* _What this task involves_
Every entry below must be transcribed word for word, and the images must be left out.

___ Information

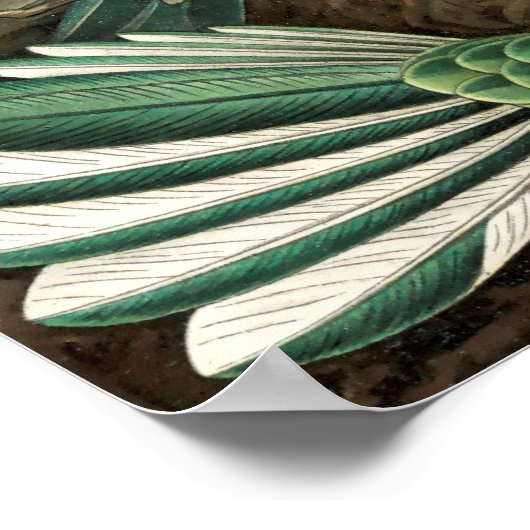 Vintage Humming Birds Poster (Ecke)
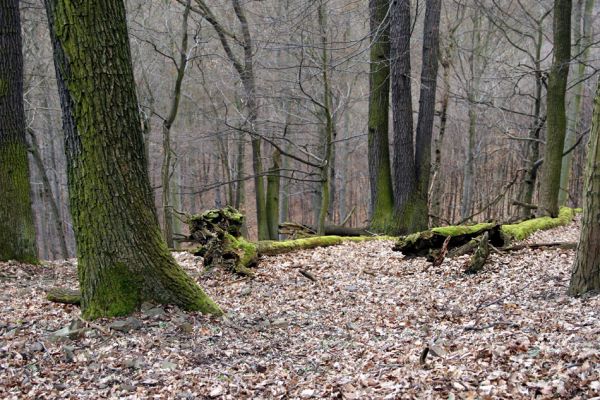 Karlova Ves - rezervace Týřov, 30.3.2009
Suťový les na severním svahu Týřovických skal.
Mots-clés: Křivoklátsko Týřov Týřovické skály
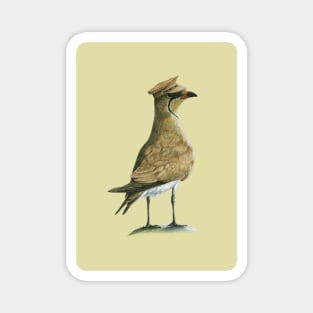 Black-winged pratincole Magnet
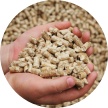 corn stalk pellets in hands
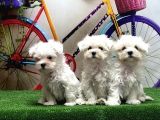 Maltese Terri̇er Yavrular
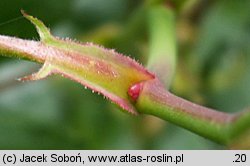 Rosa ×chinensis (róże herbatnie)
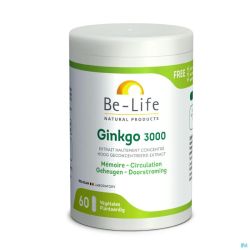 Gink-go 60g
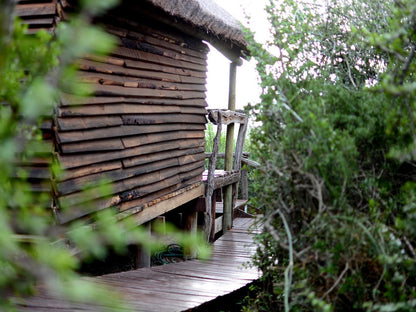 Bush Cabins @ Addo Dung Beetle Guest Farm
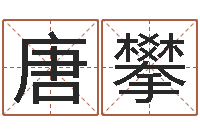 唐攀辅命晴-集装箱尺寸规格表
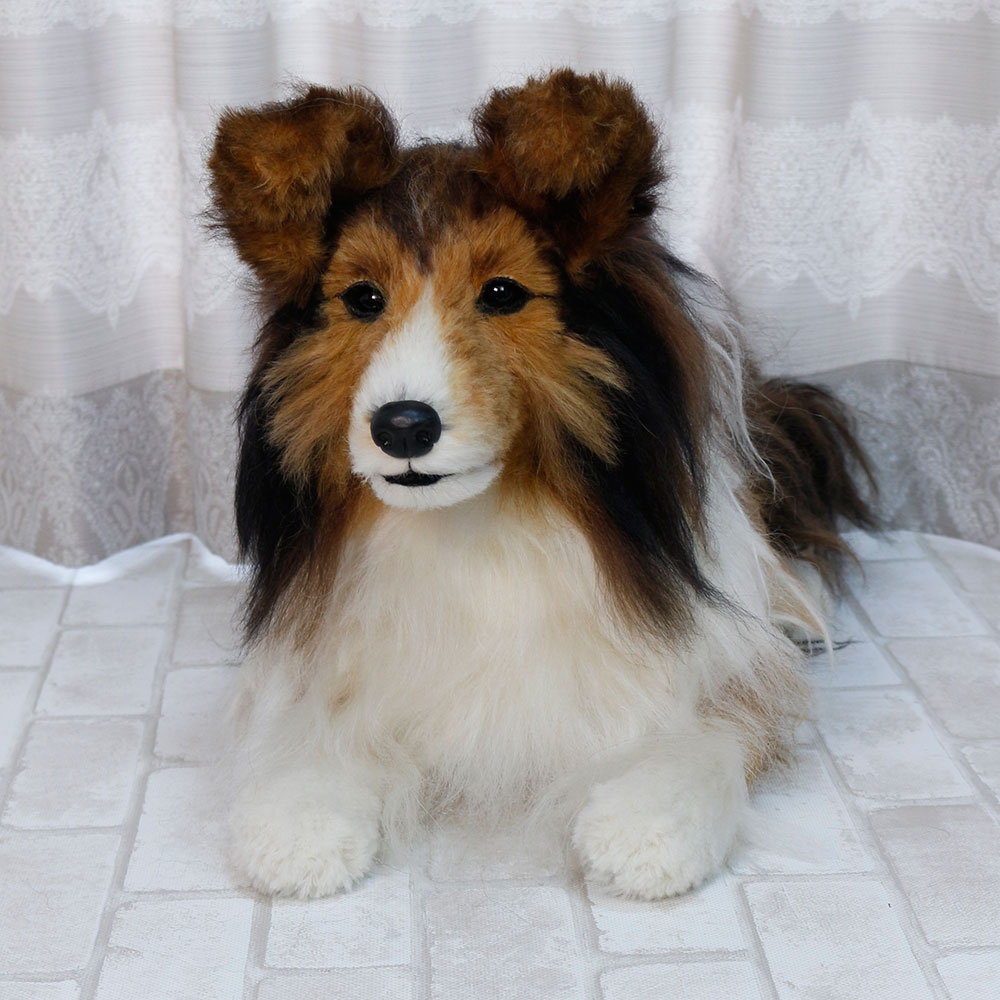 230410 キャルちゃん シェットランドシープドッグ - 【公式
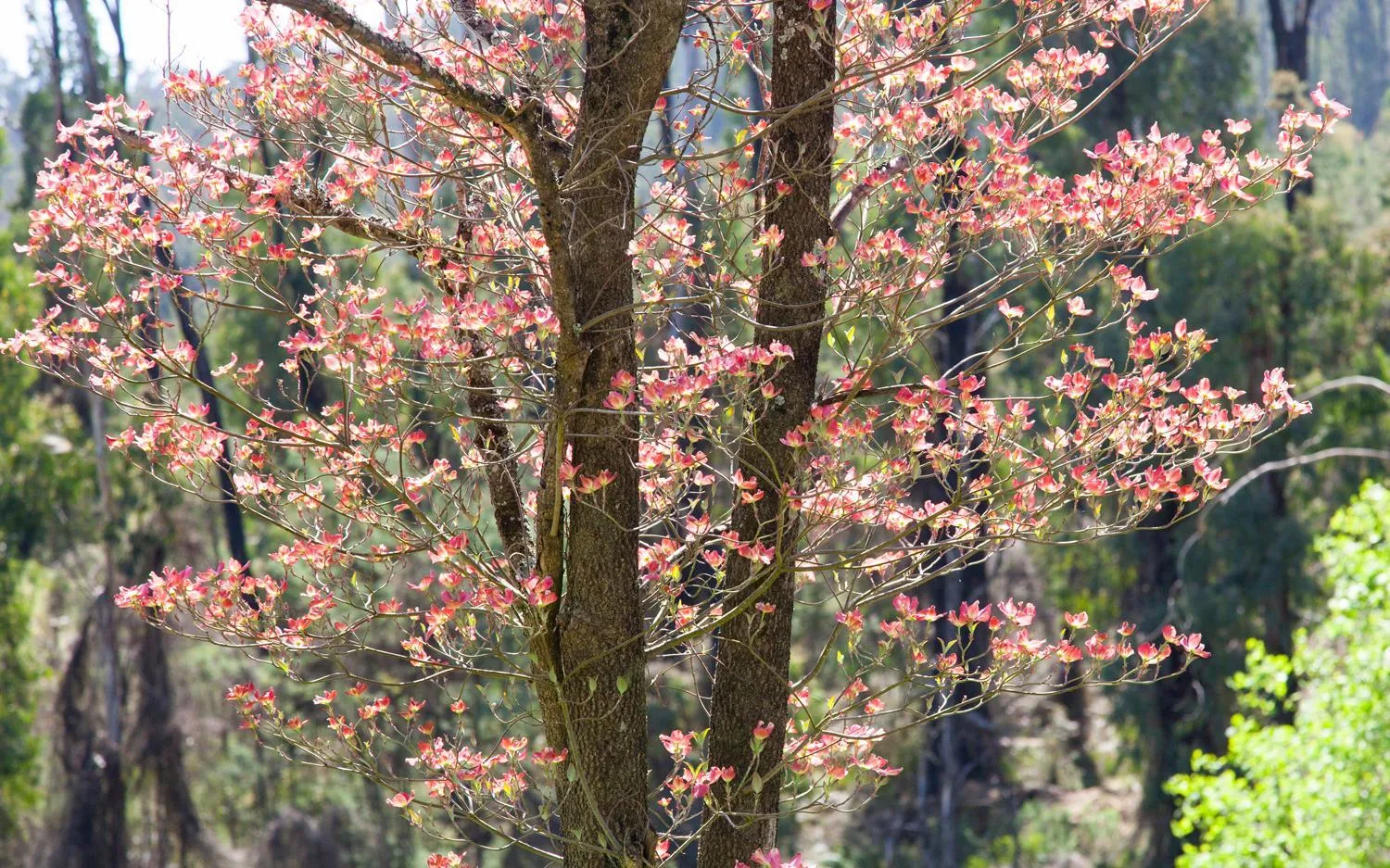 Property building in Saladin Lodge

______

* _Task result_
 Vintage Humming Birds Poster (Ecke)
 Karlova Ves - rezervace Týřov, 30.3.2009
Suťový les na severním svahu Týřovických skal.
Mots-clés: Křivoklátsko Týřov Týřovické skály
 Black-winged pratincole Magnet
 corn stalk pellets in hands
 Maltese Terri̇er Yavrular
 Rosa ×chinensis (róże herbatnie)
 Gink-go 60g
 Bush Cabins @ Addo Dung Beetle Guest Farm
 唐攀辅命晴-集装箱尺寸规格表
 230410 キャルちゃん シェットランドシープドッグ - 【公式
 Property building in Saladin Lodge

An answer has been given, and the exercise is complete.